» **ASSIGNMENT**
Below is a listing; repeat exactly the lines from the one containing "stoliki kawowe Industrialny" to the one containing "18Gサージカルスチール製リップリング、ハーフフープイヤリン - Body", both included.

MATERIAL SUPPLIED Block Start

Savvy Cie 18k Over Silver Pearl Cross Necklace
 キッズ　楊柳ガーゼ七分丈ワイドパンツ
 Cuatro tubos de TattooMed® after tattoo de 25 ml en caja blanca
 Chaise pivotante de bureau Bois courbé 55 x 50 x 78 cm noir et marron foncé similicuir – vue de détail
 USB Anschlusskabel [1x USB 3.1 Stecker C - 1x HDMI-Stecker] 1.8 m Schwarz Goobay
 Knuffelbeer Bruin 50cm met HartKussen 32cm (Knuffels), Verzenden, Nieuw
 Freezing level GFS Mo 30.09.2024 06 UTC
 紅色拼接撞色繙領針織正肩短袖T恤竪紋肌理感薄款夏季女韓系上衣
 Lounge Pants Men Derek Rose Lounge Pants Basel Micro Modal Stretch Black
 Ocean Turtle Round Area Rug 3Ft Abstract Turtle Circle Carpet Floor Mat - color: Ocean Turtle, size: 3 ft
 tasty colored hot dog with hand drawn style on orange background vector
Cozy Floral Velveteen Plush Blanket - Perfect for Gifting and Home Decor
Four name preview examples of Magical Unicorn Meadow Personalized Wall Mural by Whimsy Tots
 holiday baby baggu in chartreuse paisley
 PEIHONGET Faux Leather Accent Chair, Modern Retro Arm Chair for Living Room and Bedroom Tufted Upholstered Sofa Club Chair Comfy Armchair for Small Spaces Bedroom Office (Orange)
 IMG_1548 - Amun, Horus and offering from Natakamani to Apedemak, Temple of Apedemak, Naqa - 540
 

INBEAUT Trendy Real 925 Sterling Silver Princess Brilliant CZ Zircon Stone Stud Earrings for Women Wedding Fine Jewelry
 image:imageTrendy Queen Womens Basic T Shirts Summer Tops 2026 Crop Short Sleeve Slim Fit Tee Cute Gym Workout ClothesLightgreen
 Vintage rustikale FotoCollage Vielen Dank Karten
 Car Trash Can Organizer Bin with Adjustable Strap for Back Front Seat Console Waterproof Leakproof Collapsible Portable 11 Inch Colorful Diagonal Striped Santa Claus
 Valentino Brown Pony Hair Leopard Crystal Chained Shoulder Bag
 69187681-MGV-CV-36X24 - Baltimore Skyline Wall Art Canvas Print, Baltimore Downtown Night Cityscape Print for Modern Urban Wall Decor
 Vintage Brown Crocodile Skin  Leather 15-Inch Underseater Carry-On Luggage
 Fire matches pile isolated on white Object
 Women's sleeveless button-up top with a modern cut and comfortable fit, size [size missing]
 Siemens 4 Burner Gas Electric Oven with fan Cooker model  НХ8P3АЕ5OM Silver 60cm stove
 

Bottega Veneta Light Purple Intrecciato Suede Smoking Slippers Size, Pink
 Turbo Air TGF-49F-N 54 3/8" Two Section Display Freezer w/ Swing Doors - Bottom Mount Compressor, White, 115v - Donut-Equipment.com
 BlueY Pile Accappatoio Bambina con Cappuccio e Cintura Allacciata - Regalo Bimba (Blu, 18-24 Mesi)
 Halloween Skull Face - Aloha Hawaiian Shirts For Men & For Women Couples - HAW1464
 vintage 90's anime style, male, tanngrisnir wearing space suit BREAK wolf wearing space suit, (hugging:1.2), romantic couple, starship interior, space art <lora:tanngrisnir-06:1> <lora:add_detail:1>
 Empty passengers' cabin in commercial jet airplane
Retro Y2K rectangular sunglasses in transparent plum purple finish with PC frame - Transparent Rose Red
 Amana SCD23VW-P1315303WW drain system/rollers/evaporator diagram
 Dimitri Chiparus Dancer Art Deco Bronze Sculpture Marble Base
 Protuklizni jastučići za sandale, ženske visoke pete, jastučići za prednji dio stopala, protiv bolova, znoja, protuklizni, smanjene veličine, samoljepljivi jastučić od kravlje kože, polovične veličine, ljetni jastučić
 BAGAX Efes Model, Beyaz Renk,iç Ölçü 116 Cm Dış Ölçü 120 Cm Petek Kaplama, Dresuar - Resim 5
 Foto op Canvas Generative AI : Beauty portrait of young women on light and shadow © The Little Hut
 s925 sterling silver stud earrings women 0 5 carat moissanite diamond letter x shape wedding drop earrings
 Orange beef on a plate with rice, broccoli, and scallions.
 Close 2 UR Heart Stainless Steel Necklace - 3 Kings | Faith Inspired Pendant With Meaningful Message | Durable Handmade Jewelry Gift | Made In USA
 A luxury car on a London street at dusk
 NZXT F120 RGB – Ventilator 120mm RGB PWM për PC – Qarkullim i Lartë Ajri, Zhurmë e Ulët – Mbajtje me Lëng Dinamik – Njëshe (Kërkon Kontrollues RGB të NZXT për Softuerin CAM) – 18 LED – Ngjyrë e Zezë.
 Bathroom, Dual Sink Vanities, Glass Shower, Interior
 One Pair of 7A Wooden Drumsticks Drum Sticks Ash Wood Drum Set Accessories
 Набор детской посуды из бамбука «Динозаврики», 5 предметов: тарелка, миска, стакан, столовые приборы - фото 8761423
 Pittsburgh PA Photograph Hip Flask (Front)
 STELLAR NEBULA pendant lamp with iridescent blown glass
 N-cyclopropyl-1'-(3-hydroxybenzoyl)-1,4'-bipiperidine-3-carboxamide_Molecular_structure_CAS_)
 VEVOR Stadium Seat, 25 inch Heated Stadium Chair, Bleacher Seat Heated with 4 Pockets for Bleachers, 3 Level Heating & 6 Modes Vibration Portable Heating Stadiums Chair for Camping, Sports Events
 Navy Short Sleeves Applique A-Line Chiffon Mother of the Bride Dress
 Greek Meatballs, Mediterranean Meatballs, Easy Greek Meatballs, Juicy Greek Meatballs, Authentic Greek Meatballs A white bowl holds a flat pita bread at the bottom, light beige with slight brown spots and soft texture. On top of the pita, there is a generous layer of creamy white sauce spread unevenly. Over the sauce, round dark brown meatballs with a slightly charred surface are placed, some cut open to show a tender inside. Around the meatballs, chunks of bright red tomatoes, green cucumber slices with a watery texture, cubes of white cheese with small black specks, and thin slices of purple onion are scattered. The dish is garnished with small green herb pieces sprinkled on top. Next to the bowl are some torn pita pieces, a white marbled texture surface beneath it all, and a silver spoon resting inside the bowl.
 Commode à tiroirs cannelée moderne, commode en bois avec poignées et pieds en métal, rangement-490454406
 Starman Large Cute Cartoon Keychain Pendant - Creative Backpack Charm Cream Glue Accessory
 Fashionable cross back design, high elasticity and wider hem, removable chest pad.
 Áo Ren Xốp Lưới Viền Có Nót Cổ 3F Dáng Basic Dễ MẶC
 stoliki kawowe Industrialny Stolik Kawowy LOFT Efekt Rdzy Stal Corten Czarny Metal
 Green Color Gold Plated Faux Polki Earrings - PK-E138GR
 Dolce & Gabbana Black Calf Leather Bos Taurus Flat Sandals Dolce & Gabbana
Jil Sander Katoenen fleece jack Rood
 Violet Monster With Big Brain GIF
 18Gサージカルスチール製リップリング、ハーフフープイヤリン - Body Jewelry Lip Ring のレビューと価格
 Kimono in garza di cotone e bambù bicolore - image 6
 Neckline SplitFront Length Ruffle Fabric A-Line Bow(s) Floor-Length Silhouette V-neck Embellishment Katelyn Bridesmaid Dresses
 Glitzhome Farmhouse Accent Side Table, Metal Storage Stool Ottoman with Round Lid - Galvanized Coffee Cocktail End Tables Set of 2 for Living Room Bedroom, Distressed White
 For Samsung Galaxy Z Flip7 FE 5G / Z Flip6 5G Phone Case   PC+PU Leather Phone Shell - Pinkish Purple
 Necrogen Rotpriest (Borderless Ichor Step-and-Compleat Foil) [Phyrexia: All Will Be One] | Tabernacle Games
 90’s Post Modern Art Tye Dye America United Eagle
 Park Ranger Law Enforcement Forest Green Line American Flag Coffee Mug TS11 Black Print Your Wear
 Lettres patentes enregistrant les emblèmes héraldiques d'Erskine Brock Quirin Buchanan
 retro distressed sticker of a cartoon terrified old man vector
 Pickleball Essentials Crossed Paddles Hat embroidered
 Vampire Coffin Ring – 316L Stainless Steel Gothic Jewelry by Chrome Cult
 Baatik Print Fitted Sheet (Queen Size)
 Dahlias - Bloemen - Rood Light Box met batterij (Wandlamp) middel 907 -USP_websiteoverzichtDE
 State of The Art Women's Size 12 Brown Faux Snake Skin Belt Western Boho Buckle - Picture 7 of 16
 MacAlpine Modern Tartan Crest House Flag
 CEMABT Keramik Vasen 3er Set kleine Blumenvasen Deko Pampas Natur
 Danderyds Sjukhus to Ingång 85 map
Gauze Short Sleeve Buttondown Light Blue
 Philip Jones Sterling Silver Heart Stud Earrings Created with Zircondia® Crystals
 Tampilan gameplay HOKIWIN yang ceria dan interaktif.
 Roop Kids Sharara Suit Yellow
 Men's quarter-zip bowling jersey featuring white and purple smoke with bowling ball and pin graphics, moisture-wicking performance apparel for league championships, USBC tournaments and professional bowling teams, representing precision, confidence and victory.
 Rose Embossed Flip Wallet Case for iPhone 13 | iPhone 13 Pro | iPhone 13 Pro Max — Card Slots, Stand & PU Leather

MATERIAL SUPPLIED Block End

» **YOUR SOLUTION**
 stoliki kawowe Industrialny Stolik Kawowy LOFT Efekt Rdzy Stal Corten Czarny Metal
 Green Color Gold Plated Faux Polki Earrings - PK-E138GR
 Dolce & Gabbana Black Calf Leather Bos Taurus Flat Sandals Dolce & Gabbana
Jil Sander Katoenen fleece jack Rood
 Violet Monster With Big Brain GIF
 18Gサージカルスチール製リップリング、ハーフフープイヤリン - Body Jewelry Lip Ring のレビューと価格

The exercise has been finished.